Dust Off Your Journal. Talk With Your Soul.

On this summer weekend day, I awoke early, and with a little girl’s butterflies.

A whole day of solitude ahead of me, to write, read, walk in the woods with my dogs, sit on my favorite stump and watch the forest theater. It occurred to me that I hadn’t written in my journal for a while, even though it’s one of the most sacred places I know to go. It’s where I check in with my soul, and have all my life. To that end, I was shocked to see that I’d neglected my journal all through COVID. The last entry was just before my book tour for Willa’s Grove in March of 2020! You’d think I would have needed my journal more than ever in those years. But, like so many of us, I was re-inventing my work life, keeping things afloat in my personal life, processing this massive global plot-twist. I wasn’t thinking about making space for my soul-language. I was on over-drive, just trying to make ends meet. But no journal-writing? What was I thinking? Had I replaced my soul-life with my work-life? Was that even possible?

So it’s no surprise that words cascaded out of me. Twenty-four pages in two hours, hardly able to keep up with my pen. It was like I’d had a waterfall on pause for a few years, and I finally had the courage to push “play” again. My soul wanted to talk. And as I allowed room for its language, I felt myself rooting in the essence of my being. My whole being. Not in the compartmentalized facets of my different roles in life. Compartments I love. But still fractured from the whole. It was like re-meeting my whole self for the first time in far too long.

It got me thinking about soul-neglect. How we drop our lifelines, often when we need them most. It should be the other way around. I knew I needed to take a serious look at my relationship with soul. Can you really part ways with soul? Can you really lose its language? Can you really forget to listen? What happens when you fail to create sacred space for it? And to that end, just what is the soul, anyway?

So I went through my shelves, looking for a book I read when I was a new writer in 1992. Thomas Moore’s Care of the Soul. In it he writes: “Soul is not a thing but a quality or dimension of experiencing life and ourselves. It has to do with depth, value, relatedness, heart and personal substance.” I took heart in the fact that Moore believes that the soul cannot be separated from body, family, work, love, or power. So maybe my soul finally said Enough is enough. Go to your deepest lifeline: your journal. I’ll meet you there so that you can see me. Remember me. Love me. Trust me. Align with me in everything that you are passionate about. Personal. Work. All of it. Let’s become whole again.
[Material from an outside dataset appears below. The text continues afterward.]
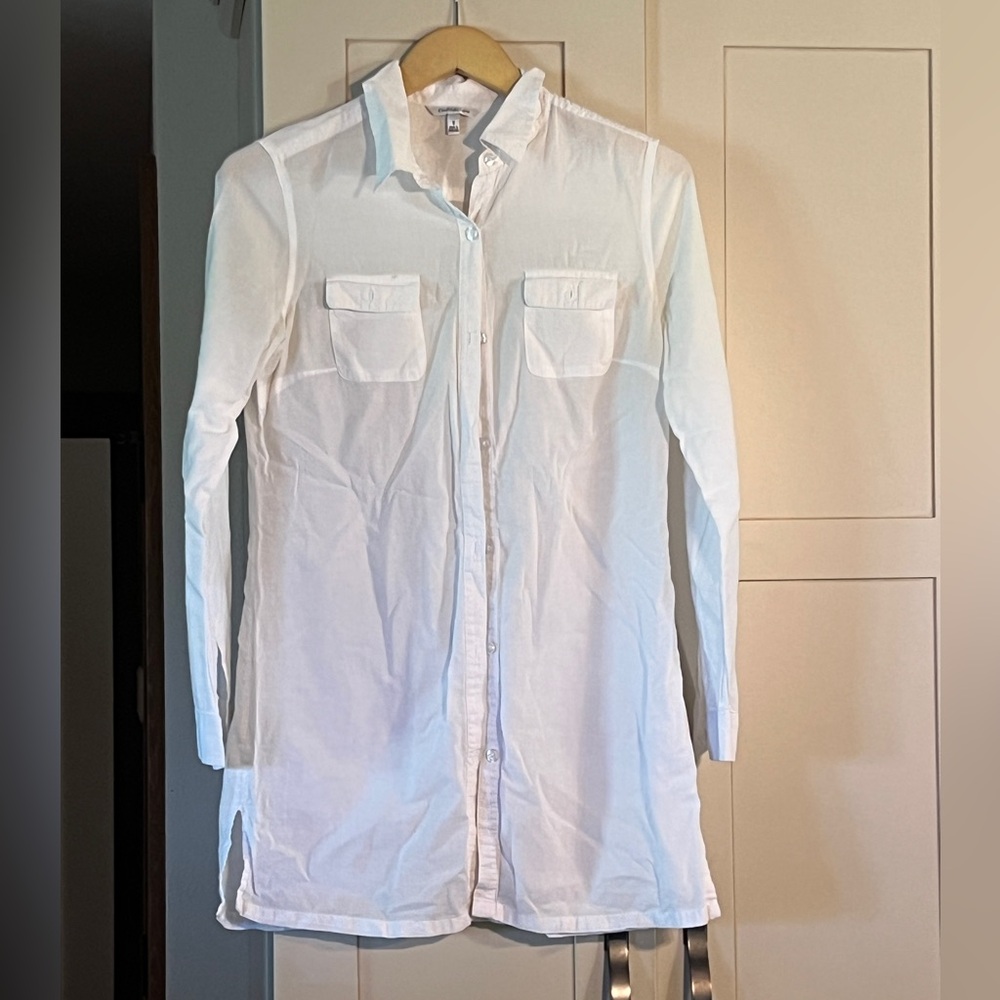 Croft and Barrow white 100% cotton top, longer length, great for swim coverup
I wanted more, so I reached for Meister Eckhart, because even though he was writing in the 14th century, the truth that I find in his words is always timeless, love being what it is. I read these words:

“When the soul wants to experience something, she throws out an image in front of her and then steps into it.”

And I realized that this is what I did in 2012 when I broadened my world and added new roles to my life, outside of my writing and motherhood. Suddenly I was a writing teacher, editor, retreat facilitator, and on-line writing community leader which includes doing live workshops, and interviewing experts…all new terrain. Without knowing it, I was stepping into a future my soul already saw. I can see it now so clearly. And while helping other people write is one of the greatest gifts of my life, sometimes the energy and time it takes to run the business around all of these passions of mine…overwhelms my vision of the whole.

Writing in my journal this morning, for my eyes only and for no other cause but my own, to my soul, woke something in me that I’d let go dangerously dormant.

And as life so often behaves, just when I gave myself the time to care for my soul, I received four back-to-back surprise gifts: notes from recent retreaters, thanking me for their Haven experience, and with generous testimonials. Not expected, but very much appreciated. Because it was as if they were really notes from my soul, reminding me that when we create space for writing in a journal, we remind ourselves who we really are, and contact the essence of our being. I don’t teach journal-writing. I’m so committed to teaching craft, voice, and how to structure writing projects and writing practices. But maybe I ought to bring a journal-writing practice into the way I teach. Either way, I know that I can’t lose this personal soul-practice ever again.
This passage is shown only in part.